The bright spark who lights up Hong Kong
A head for heights and a creative visual flair have kept decoration designer Terence Wong in demand every Christmas and Lunar New Year for decades
The men who lit up Hong Kong’s signature festive nightscape share a common enemy.
“We don’t compete with others,” said Terence Wong Kim-shan, who designed more than half the city’s temporary illuminations for the holiday season. “We compete with time. Time is our biggest enemy.”
Earlier this month his men had to replace all the merry Santa Clauses and rainbow snowflakes with blooming peonies and Chinese greetings on glass buildings lining the two sides of Victoria Harbour for a new round of displays starting last Monday.
From dismantling to reinstallation, Wong had 13 days.
The kaleidoscope of colourful light bulbs is the first signal of the Year of the Rooster, whose early arrival on January 28 has left Wong with little time to ensure the lights are up in time.
But Wong noted that only a few clients ordered roosters on their walls.
“Some zodiac animals are less popular,” he said in a small office stacked with boxes of bulbs and tubes. “Unlike dragons, horses and monkeys.”
Wong has dressed up Hong Kong for more than 30 winters for its two biggest festivals of the year with dazzling illuminations which have for decades defined the city’s party scene.
“It’s unique to Hong Kong because people elsewhere don’t know how to do it yet,” he said.
But Wong, 57, did not hesitate to share his secrets. With a pencil, he started drawing sketches on the back of his photographed designs.
“How did I make a Santa Claus look like a Santa Claus, how did I make a horse run? The principles are actually not complicated,” he muttered.

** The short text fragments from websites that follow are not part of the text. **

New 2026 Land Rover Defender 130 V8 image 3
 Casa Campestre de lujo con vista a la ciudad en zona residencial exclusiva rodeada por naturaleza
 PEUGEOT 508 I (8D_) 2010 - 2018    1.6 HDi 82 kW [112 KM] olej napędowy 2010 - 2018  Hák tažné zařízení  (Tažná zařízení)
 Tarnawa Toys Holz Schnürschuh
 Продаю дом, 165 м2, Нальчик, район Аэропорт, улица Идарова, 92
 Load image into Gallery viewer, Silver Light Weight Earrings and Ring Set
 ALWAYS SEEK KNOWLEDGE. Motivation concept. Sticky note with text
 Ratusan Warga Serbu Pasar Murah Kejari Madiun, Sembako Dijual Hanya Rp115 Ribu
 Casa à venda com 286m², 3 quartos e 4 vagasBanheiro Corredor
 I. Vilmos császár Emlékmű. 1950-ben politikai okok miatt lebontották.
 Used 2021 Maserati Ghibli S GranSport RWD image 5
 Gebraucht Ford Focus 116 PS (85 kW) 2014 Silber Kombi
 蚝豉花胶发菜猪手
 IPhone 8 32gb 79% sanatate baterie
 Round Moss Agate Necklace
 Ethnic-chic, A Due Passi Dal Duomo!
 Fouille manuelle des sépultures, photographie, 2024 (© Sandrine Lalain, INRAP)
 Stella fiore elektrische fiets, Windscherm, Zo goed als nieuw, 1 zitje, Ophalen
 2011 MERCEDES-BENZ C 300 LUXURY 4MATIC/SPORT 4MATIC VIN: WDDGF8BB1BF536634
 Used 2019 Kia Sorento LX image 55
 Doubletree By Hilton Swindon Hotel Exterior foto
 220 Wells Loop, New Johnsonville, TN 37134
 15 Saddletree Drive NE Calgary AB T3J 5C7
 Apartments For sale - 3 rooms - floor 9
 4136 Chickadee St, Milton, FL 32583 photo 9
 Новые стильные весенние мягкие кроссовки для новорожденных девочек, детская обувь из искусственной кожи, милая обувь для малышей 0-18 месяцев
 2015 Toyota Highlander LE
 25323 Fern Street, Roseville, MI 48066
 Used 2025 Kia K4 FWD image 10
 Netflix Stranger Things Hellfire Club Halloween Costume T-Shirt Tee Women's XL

His 38-year career began with fixing Panasonic rice cookers at his brother’s electronics shop while he was still at school. By chance a friend brought him into the stage lighting industry – until one day in the early 1980s when a property developer of Tsim Sha Tsui East asked if he could decorate the buildings to bring people into the newly developed district.
From there he broadened his scope and borrowed principles from stage lighting to create massive, temporary installations on outer walls.
The job requires Wong to first observe the building and its geographical environment to come up with possible designs before they are put to the test and tabled to clients for tender bidding. Once approved, his men lay a grid of wires firmly secured onto the glass panels, and affix the light bulbs or set pieces – assembled in his factory in mainland China – according to designs magnified in scale.
“Then you look after it because you’ll have to go down on a gondola to fix it immediately whenever the light bulbs burn out,” he said. “So you can’t be afraid of heights to start with.”
Preparations begin as early as April as Wong takes time to come up with designs, tabling at least two proposals per bid and drawing two designs for each festival per proposal.
He once drew more than 160 drafts for one building in Tsim Sha Tsui East.
“It’s a tough job to be innovative,” he explained. “We try not to repeat, but there are only so many elements to a Christmas.”
Over the years, his work has evolved from outlining buildings to creating shapes and introducing animations, while his fuse light bulbs – some he hand-painted – are gradually replaced by LEDs, with the promise of more colours to come.
“Thousands of light bulbs compete for splendour in one building – very beautiful,” he said. “People used to book hotel rooms in advance just to see the lights.”
The challenge in design also lies in the finer details – Wong said eyeballs were the hardest to depict in scale without coming out as a large foggy spot.
“The lights are only made up of simple lines. If they’re aligned too closely, you can’t see [the design].”
This winter his signature work can be seen in Canton Road, the Admiralty Centre, Sino Plaza, Sun Hung Kai Centre, and a cluster of buildings in Tsim Sha Tsui East that includes Wing On Plaza and the Shangri-La Hotel, among others.
He has been monitoring the weather reports daily in case of bad weather such as low temperatures or rainstorms, which can disrupt work schedules that are very tight in the first place.
“Hong Kong used to be very cold,” he recalled. “Your fingers would stiffen after [the installations], you couldn’t even clench your fist, and your hand would swell from uncoiling the wires.”
But one downpour in 1997 left him with great joy as he animatedly recounted how his display of dolphins jumping over Victoria Harbour joined the grand nightscape in celebrating Hong Kong’s return to Chinese rule on July 1.
“It was a painful experience to create that illumination because there was heavy rain and we had to camp on top of the building. But that display shone very bright, it was very impressive because we used almost 100,000 light bulbs. The whole world was watching.”
His satisfaction also comes from trying something new every year. “There are many patterns, many designs, many dreams you can bring to life ... and many will see them,” he said.
But with new trials come new mistakes. This year Wong had to redo his displays because his light bulbs switched off intermittently due to a poor connection in the wiring.
“There is something new every year,” he laughed. “Next year, I will remember that.”